Maciej Urbanowski o książce Krzysztofa Tyszki-Drozdowskiego „Żuawi nicości"

Tyszka-Drozdowski nie jest eseistycznym archeologiem zafascynowanym pięknem zakurzonego bibelotu! Przeciwnie: jego tom uświadamia, jak ważną część dziedzictwa europejskiego reprezentują „żuawi nicości”, jak aktualna jest lekcja, którą da się odczytać z ich książek. Lekcja tego, czym jest Europa, czym była Francja i jak przywrócić ład naszej epoce – pisze Maciej Urbanowski w opublikowanej na łamach „Nowych Książek” recenzji książki Krzysztofa Tyszki-Drozdowskiego „Żuawi nicości”.

Żuawi nicości to książkowy debiut młodego, dwudziestoośmioletniego autora. Od razu dodaję: debiut znakomity! Myślę tu najpierw o niezwykłej erudycji Krzysztofa Tyszki-Drozdowskiego, który w swoich esejach porusza się z dużą swobodą po literaturze francuskiej i polskiej.

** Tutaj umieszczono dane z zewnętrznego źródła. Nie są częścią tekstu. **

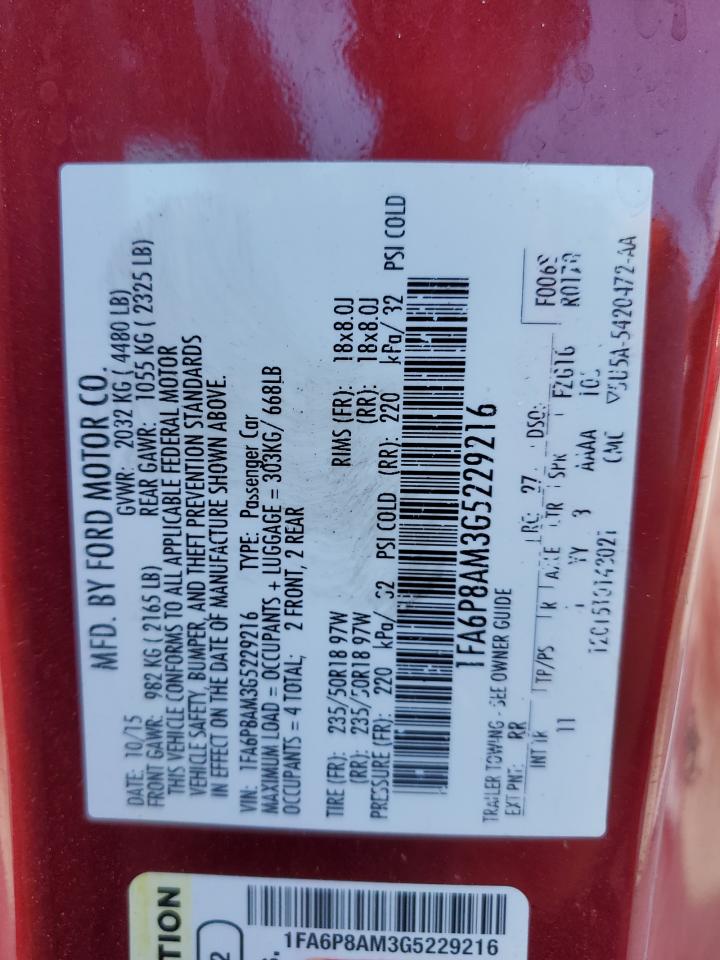 2016 Ford Mustang VIN: 1FA6P8AM3G5229216 Lot: 84695945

Sięga do historii starożytnego Rzymu i średniowiecza, dyskutuje o kulturze hiszpańskiej, sztuce włoskiej i literaturze francuskiej, interesuje się polityką i religią, cytuje Kraszewskiego, Brzozowskiego, Chardonne’a, Sienkiewicza, Czapskiego… Jest to wiedza tyleż ogromna, co nieoczywista, bo autor Żuawów nicości opowiada o dziełach i autorach ważnych, wybitnych, ale w dzisiejszej Polsce często mało znanych, jak Henry de Montherlant, Maurice Barres czy Charles Maurras. 

Tyszka-Drozdowski mówi o nich z prawdziwym znawstwem, a nawet miłością, nie waha się przy tym formułować tez wyrazistych, apodyktycznych, często w kontrze do uznanych ocen i opinii. Przykłady? „Francja i Polska to jedyne narody, które można zrozumieć wyłącznie poprzez literaturę”. Albo: „Dla Niemców cywilizacja to ciężar, martwa i wypłukana z życia skorupa”. Czy wreszcie: „Jan Emil Skiwski, najlepszy polski krytyk literacki XX wieku”. 

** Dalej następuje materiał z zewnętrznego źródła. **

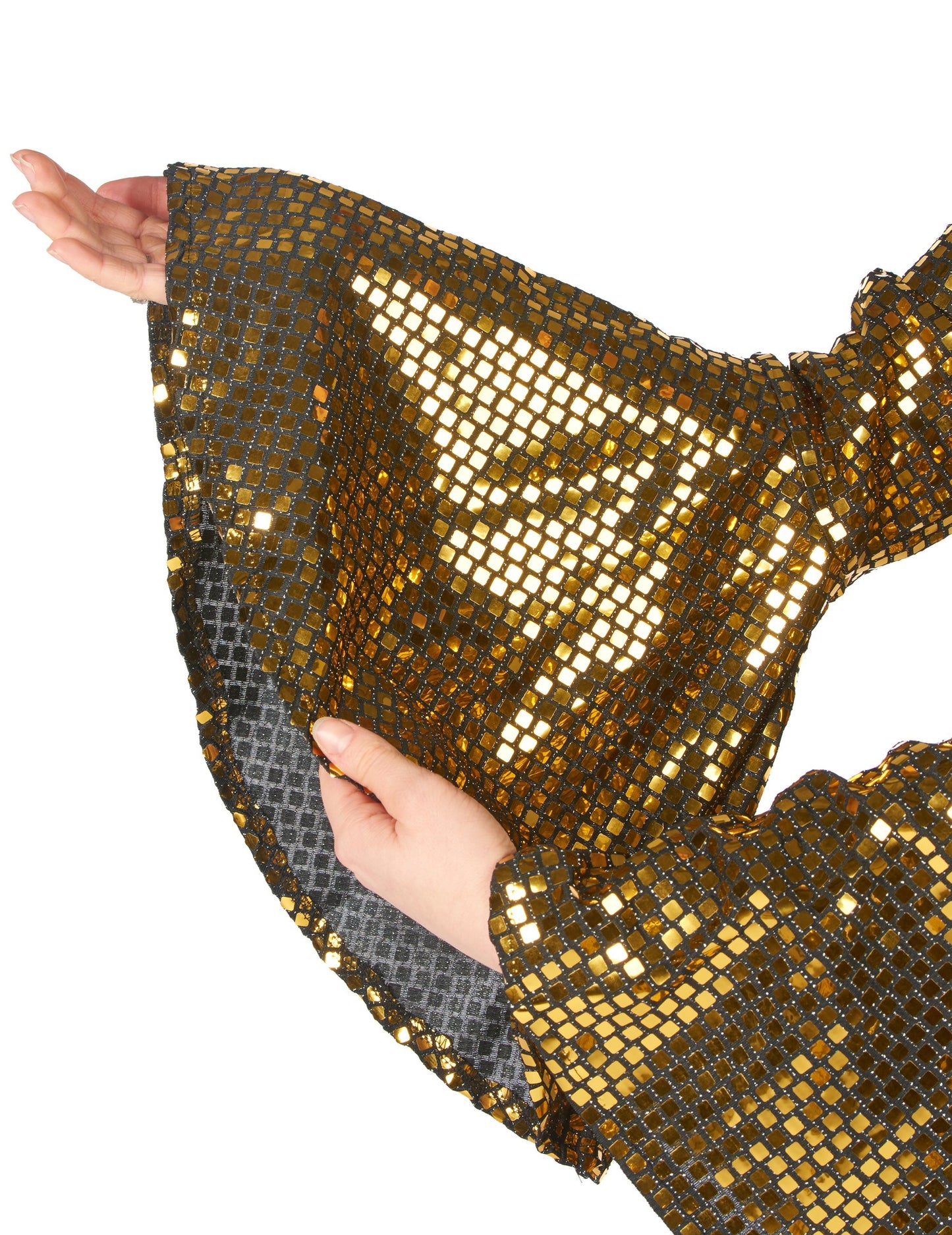 Ženski disco zlatni kombinezon s visokokvalitetnim remenom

Autor Żuawów nicości opowiada o dziełach i autorach ważnych, wybitnych, ale w dzisiejszej Polsce często mało znanych

„Esej nie rozwiązuje problemów, ale je stawia”, pisał kiedyś Bolesław Miciński, którego nazwisko pojawia się także w Żuawach nicości. Nie przypadkiem, bo Tyszkę-Drozdowskiego łączy z autorem sławnych Podróży do piekieł fascynacja antykiem, niechęć do romantyzmu i podziw dla klasycyzmu. Ten ostatni Tyszka-Drozdowski definiuje za Barresem jako „wielki zdyscyplinowany bezład”, albo – ładnie – jako „koncepcję człowieka, który nie jest wycięty z jednego materiału”. 

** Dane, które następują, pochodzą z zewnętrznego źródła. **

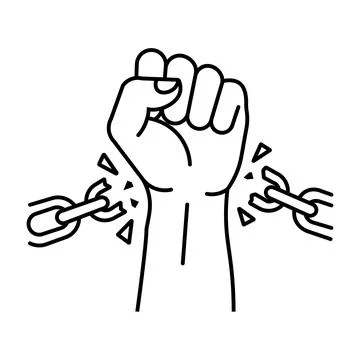 Strong Human Fist Breaking Chains Icon Representing Freedom Liberation and .. Stock Illustration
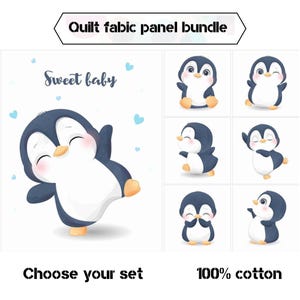 Pinguin Baby Quilt Stoff Panel, Süßer Tier Druck Stoff zum Quilten, Baby Quilt Stoffpaket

Równocześnie Żuawi nicości zdają się oscylować między esejem a manifestem. O pierwszym decyduje swoboda łączenia rozmaitych wątków, kompozycyjna otwartość, dygresyjność, wyrazista obecność autora, wreszcie niezwykłej chwilami urody aforystyczny język (np. „Gdy nasze ideały ponoszą klęskę, porzucamy je z tchórzostwa. Gdy zwyciężają, porzucamy je przez delikatność”). O drugim – wyrazistość stawianych tu odpowiedzi, pełna powagi namiętność, z jaką je stawia autor, a także pojawiające się apele do współczesnych o wielkość, której wzór dali „żuawi nicości”.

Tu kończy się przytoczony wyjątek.